▶ **PROBLEM TO SOLVE**:
Return only the lines of the listing below that run from the line with "не моє, але" through the line with "Tampa Bay Buccaneers", both ends included, exactly as written.
━━━ INPUT RECORDS ━━━
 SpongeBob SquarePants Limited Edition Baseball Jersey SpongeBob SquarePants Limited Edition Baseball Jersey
━━━
━━━ INPUT RECORDS ━━━
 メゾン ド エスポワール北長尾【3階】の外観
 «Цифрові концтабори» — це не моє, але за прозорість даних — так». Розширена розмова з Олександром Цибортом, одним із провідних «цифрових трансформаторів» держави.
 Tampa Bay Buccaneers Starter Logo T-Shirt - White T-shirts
━━━
━━━ INPUT RECORDS ━━━
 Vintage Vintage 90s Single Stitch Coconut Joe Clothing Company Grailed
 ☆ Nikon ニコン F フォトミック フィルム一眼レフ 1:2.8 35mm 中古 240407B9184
━━━
▶ **RESPONSE TO THIS TASK**:
 «Цифрові концтабори» — це не моє, але за прозорість даних — так». Розширена розмова з Олександром Цибортом, одним із провідних «цифрових трансформаторів» держави.
 Tampa Bay Buccaneers Starter Logo T-Shirt - White T-shirts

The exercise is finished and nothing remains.